China Eastern Airline File Photo:IC
China Eastern Airlines on Sunday conducted a flight with a Boeing 737-800 airplane after nearly one month's grounding the aircraft following a fatal crash, and it will gradually resume use of the aircraft, the company told the Global Times.
Data from flight data provider VariFlight sent to the Global Times showed that China Eastern used one of the planes on a flight from Kunming, Southwest China's Yunnan Province to Chengdu, Southwest China's Sichuan Province around 10 am on Sunday. The plane flew back to Kunming in the afternoon.
China Eastern confirmed to the Global Times that the company's 737-800 passenger planes have resumed operation in an orderly manner.
The same batch of aircraft as the crashed B1791 aircraft are still undergoing in-depth maintenance, testing and evaluation, China Eastern said in a reply to the Global Times on Sunday night.
It carried out targeted flight test verification to ensure that the passenger aircraft put into operation met the safety and airworthiness standards of China's civil aviation regulator, China Eastern said.

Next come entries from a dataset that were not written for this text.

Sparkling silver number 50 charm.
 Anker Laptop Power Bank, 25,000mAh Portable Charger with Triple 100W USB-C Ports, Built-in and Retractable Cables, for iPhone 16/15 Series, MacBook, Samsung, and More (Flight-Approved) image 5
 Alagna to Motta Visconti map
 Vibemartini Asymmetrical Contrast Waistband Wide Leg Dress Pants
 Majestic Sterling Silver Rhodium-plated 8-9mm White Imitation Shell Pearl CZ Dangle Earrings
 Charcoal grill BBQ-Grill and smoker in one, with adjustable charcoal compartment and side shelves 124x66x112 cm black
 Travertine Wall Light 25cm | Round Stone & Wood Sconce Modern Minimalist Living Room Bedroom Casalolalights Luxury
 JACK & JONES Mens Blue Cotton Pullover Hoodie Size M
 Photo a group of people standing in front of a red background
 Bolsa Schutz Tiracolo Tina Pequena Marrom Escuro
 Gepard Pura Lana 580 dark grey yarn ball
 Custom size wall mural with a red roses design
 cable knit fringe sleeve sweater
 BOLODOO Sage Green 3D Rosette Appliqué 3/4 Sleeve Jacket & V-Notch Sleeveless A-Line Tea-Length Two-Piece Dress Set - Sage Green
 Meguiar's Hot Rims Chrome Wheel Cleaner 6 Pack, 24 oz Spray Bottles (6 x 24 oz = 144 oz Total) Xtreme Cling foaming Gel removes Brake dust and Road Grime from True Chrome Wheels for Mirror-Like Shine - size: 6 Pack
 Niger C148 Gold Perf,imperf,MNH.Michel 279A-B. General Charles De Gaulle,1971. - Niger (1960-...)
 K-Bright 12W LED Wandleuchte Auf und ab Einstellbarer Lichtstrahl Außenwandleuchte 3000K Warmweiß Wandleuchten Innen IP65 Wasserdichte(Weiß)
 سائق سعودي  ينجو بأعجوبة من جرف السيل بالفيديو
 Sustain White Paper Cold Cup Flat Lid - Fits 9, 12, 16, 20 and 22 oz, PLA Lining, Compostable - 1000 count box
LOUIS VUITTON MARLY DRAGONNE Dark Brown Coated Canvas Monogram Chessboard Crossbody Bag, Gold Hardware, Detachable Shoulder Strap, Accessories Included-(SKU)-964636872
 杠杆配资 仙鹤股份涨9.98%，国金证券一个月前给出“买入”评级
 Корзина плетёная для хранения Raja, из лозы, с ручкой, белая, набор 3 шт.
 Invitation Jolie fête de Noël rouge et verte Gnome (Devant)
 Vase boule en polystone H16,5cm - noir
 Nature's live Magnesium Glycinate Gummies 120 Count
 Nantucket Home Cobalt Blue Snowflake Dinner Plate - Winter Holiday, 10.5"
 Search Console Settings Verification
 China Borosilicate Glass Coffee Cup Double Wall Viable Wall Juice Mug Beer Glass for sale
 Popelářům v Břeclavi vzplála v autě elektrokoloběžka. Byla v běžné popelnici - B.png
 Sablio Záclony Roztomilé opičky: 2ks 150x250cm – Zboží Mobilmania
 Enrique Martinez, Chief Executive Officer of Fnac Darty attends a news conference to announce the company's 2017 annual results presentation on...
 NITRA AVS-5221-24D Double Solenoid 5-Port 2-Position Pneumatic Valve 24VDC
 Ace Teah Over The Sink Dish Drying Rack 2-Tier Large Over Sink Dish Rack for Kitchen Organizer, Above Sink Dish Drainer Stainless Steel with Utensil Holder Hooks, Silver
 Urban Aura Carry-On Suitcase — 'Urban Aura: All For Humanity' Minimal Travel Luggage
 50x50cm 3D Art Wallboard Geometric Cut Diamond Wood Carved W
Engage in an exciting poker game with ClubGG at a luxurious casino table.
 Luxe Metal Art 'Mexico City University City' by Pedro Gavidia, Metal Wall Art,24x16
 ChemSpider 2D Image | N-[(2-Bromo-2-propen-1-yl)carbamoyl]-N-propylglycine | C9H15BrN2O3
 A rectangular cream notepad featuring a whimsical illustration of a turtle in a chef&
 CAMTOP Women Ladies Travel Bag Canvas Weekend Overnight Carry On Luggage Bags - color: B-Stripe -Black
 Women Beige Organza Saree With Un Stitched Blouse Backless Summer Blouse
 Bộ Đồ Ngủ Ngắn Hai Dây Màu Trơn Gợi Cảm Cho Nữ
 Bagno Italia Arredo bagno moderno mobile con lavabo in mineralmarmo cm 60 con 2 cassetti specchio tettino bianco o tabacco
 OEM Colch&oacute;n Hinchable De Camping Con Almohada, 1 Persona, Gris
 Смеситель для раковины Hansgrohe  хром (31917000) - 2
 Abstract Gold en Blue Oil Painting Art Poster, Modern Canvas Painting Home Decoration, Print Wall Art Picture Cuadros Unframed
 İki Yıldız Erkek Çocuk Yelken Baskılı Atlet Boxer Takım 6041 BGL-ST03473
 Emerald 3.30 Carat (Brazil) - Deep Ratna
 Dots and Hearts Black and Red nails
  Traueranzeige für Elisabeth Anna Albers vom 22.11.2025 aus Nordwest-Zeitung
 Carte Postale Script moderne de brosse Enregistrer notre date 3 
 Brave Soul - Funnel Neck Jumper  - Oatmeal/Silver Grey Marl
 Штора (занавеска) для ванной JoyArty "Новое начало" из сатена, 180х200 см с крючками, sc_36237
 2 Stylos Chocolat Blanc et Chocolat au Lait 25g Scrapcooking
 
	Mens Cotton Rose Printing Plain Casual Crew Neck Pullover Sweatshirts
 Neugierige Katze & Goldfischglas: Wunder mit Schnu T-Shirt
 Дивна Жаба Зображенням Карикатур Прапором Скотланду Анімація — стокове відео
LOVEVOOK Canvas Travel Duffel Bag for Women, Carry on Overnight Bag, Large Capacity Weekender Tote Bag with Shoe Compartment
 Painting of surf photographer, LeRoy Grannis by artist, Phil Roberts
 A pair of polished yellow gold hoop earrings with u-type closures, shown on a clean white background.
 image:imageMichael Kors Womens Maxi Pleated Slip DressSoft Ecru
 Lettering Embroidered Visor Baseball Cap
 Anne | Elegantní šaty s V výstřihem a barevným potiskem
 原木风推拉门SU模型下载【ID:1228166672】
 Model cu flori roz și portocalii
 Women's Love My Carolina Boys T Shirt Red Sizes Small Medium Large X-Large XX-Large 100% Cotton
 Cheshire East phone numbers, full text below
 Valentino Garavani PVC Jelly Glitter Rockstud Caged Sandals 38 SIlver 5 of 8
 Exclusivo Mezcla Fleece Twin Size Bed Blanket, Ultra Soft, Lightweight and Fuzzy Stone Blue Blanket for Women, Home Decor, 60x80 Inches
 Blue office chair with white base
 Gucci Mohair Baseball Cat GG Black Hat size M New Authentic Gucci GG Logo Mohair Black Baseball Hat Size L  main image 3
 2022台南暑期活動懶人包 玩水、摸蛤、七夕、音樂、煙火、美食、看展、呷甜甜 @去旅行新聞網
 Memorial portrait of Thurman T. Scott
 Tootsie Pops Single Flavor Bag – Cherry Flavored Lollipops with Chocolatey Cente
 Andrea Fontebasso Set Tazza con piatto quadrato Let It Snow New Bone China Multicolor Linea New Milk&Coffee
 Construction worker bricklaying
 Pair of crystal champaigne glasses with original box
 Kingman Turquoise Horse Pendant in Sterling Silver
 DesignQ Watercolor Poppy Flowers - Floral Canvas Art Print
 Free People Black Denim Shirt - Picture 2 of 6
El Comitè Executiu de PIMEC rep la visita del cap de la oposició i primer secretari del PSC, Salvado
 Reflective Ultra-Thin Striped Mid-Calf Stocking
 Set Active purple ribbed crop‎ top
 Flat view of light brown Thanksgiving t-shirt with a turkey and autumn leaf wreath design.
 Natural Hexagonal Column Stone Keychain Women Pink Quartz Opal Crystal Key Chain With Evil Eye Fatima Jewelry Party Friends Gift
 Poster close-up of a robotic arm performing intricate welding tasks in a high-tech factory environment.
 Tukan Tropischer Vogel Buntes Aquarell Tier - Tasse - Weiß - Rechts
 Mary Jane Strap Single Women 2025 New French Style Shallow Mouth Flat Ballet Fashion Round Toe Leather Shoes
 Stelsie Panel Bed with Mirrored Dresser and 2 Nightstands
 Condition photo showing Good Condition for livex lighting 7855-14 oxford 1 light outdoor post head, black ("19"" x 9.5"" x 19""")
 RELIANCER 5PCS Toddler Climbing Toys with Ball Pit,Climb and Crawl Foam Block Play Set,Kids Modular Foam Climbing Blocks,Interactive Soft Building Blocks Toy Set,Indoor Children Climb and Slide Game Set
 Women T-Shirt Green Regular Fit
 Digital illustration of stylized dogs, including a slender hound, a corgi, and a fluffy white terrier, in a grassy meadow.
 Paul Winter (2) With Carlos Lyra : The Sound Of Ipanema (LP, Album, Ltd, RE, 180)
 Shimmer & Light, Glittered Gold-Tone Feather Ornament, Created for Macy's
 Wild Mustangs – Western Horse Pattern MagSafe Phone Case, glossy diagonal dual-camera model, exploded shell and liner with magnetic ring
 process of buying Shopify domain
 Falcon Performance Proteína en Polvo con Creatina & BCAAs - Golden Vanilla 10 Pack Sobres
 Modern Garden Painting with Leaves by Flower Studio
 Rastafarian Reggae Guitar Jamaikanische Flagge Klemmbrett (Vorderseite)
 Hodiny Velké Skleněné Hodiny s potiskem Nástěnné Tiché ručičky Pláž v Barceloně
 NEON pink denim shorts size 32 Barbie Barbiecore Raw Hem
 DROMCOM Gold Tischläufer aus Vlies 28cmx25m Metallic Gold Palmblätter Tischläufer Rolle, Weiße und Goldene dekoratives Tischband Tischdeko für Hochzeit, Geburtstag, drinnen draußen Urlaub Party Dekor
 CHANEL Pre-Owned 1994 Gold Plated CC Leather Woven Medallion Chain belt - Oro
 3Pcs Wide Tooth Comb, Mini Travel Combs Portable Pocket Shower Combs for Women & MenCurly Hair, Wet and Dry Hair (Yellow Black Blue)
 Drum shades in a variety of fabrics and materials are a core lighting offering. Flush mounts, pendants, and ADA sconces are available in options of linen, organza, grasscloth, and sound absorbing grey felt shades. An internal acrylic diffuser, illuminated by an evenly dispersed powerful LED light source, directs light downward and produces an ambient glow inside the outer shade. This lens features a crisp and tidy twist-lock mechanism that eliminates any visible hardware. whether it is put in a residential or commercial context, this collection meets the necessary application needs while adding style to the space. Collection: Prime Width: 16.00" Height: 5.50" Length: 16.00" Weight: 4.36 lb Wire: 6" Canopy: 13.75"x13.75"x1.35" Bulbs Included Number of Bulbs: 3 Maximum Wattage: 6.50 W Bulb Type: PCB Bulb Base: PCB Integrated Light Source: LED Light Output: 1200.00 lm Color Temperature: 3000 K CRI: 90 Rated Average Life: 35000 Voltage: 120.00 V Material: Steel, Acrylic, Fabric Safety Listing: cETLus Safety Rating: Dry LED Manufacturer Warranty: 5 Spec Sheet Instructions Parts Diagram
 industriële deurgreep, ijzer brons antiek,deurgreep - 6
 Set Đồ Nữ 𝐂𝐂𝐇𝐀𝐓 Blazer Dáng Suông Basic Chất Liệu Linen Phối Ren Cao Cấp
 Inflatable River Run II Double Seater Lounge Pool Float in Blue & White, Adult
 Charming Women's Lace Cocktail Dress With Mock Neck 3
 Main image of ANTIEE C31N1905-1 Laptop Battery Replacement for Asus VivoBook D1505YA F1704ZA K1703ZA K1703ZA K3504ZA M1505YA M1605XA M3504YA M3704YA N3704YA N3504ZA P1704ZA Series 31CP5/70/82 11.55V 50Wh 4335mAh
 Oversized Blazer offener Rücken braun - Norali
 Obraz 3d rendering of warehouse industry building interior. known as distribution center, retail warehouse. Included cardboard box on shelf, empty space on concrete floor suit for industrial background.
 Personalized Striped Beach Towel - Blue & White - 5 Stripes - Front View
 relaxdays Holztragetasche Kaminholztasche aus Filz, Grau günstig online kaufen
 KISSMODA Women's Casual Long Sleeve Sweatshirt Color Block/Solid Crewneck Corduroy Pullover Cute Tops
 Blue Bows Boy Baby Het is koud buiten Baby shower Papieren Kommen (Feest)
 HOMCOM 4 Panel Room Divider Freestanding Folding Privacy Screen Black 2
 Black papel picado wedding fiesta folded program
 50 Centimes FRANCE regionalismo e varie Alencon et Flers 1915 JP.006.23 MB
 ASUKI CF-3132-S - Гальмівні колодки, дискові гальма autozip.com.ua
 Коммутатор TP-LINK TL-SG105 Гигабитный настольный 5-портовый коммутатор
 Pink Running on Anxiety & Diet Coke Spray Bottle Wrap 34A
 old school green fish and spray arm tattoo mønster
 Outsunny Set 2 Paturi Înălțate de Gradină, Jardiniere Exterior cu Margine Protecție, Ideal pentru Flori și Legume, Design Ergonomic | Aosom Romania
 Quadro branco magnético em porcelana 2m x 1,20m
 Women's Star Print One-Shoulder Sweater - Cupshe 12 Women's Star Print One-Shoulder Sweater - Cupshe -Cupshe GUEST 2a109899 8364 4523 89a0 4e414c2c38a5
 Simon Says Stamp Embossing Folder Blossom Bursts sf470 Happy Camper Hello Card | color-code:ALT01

Previously, as an emergency measure to ensure safety, the Yunnan branch and its parent company temporarily grounded 223 Boeing 737-800 aircraft, and carried out systemic testing, structural inspection and continuous airworthiness data verification for each aircraft type.
China Eastern grounded all of its Boeing 737-800 planes after one of them crashed on March 21 in South China's Guangxi Zhuang Autonomous Region, killing all 132 persons on board.
The aircraft involved belonged to the Yunnan subsidiary of China Eastern Airlines and had been in operation for just over six and a half years. The plane was delivered in June 2015.